'Angry' China worker admits deadly Shantou arson
A former garments factory worker in China has told state media that he set his former workplace on fire because he was angry about not being paid wages owed to him for three years.
The fire in Shantou city in Guangdong province killed at least 14 people, officials say.
Speaking from jail, Liu Shuangyun said that he was still owed less than $80.
Xinhua news agency has reported that he has been arrested, but it did not specify what charges he is facing.
Officials said that all the victims in the blaze on Tuesday were women.
Asked whether he regretted the loss of life the fire had caused, Liu told the Guangdong TV broadcaster: "I didn't think about these things."
Correspondents say that the case underscores the subsistence existence of many young Chinese migrant workers and raises questions about basic fire safety at the innumerable small factories that produce clothes, toys and other goods that have helped propel China's soaring economic growth.
Xinhua said that Liu - a 26-year-old migrant worker from Hunan province - spent 40 yuan ($6) on petrol used to start the fire and fled the scene after his alleged crime.
"The whole time, I've been very impulsive, very angry about this," Liu said during the television interview. "So I did these things."
The suspect was seen in the TV pictures sitting on a chair with his hands in handcuffs. Chinese media said that he was only "given excuses" by his former boss as to why he had not received the back wages.

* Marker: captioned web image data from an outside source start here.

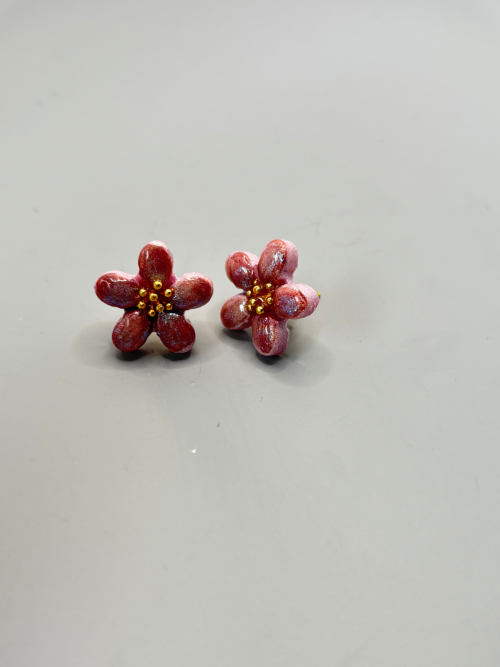 Boucle d'oreille puce fleurPC41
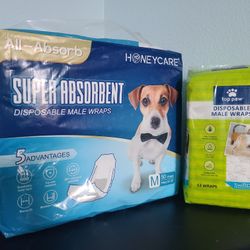 Disposable Male Wraps for Dogs - 62 Wraps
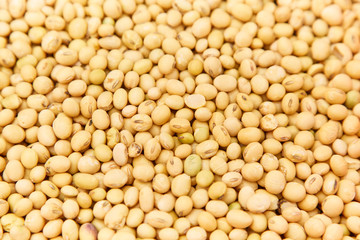 A pile of soybeans in a bamboo basket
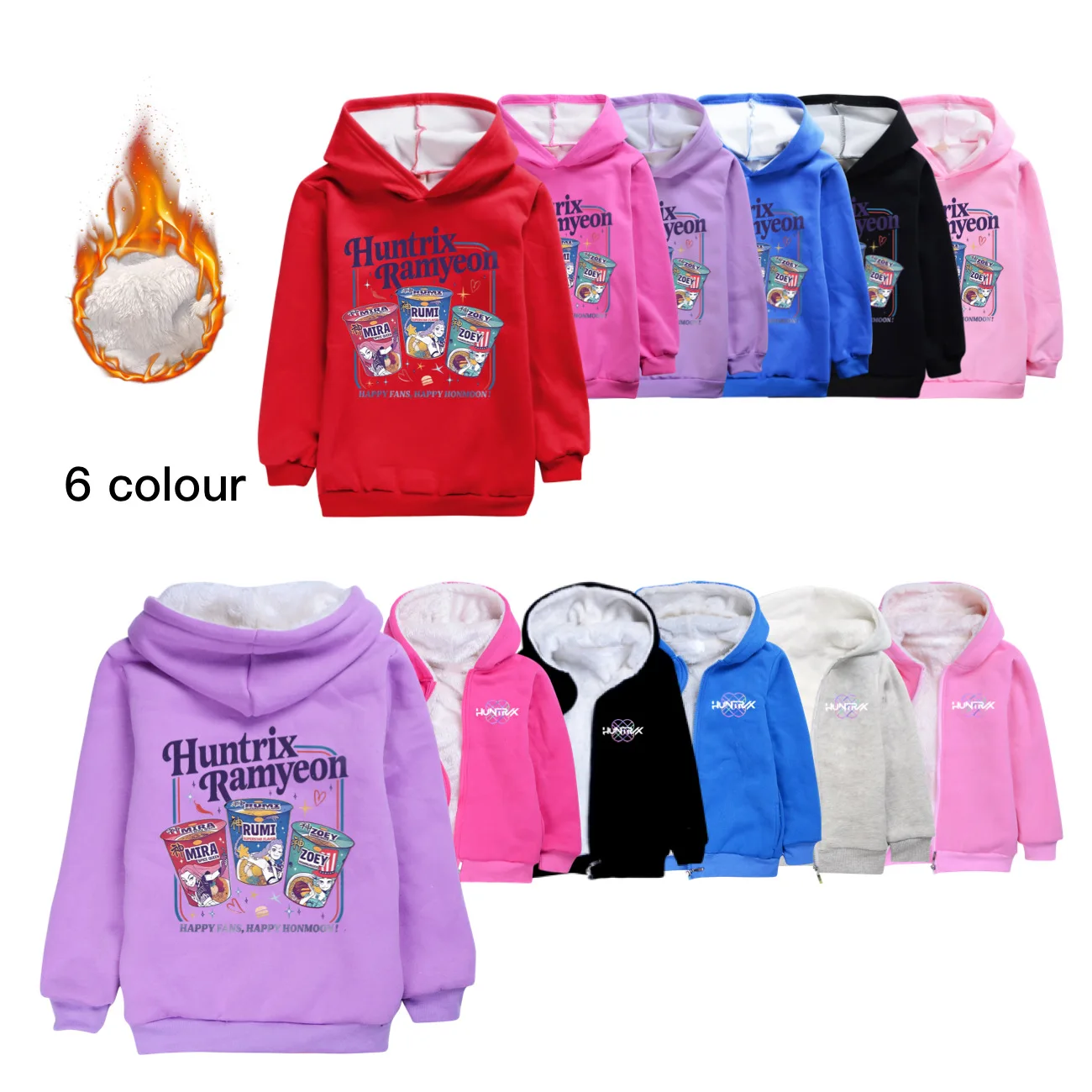 

KPop Demon Hunters Huntrix Ramyeon Clothes Winter Coats Girls Outerwear Kid Hoodies Cardigan Zipper Jacket Child Thicken Sweater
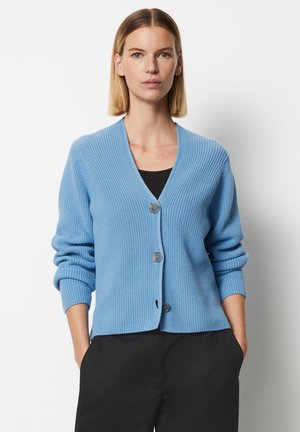 Marc O'Polo V-NECK AUS HEAVY-WEIGHT - Strickjacke - summery sky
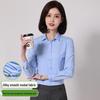 Women's Long Sleeve Professional White Stretch Shirt for College Students and Teachers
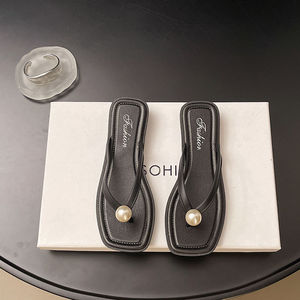 Sandalias planas de verano Xuanhui, chanclas de perlas ostentosas para interiores y exteriores, zapatillas para mujer y mujer - Product Image 2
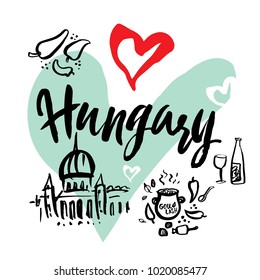 Set with iconic symbols in calligraphic style of the Hungary on the background of hearts, goulash, pepper, wine, temple. Calligraphy Hungary, vector. Travel to Hungary.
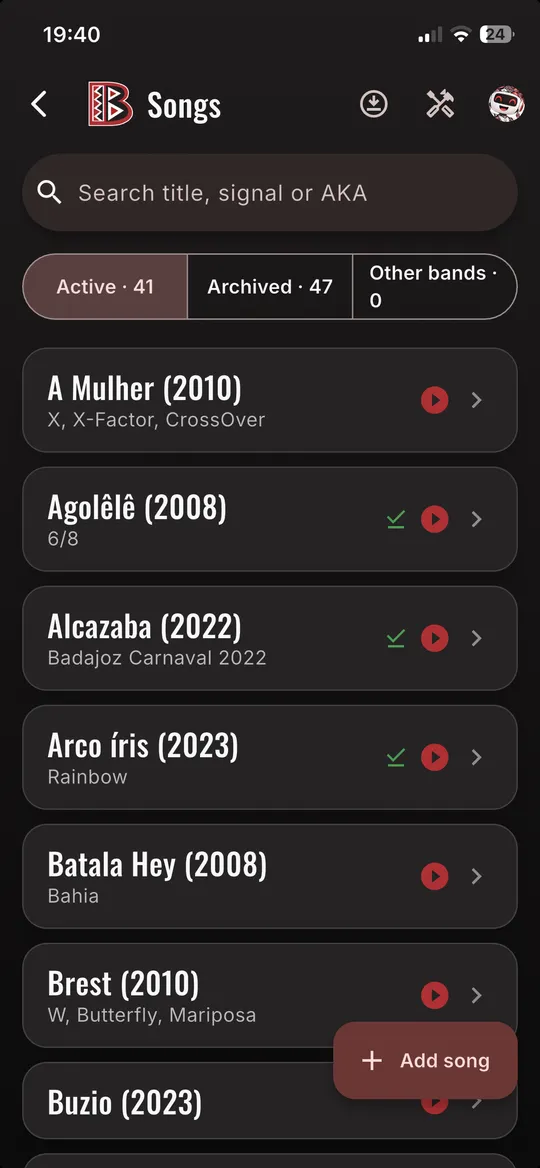 Batala songs library with toques, years, and offline download status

A photo of the incident on Guangdong TV report showed the front of the four-storey building in the south of the province as being completely blackened.
Campaigners say that many such factories are unpleasant places to work and do not have adequate health and safety procedures in place. Building fires are common in China because of lax safety standards and unsafe construction work.
Unpaid salaries are a major source of worker discontent, campaigners say.
A fire in April 2011 at an unlicensed garment factory in Beijing killed 18 people.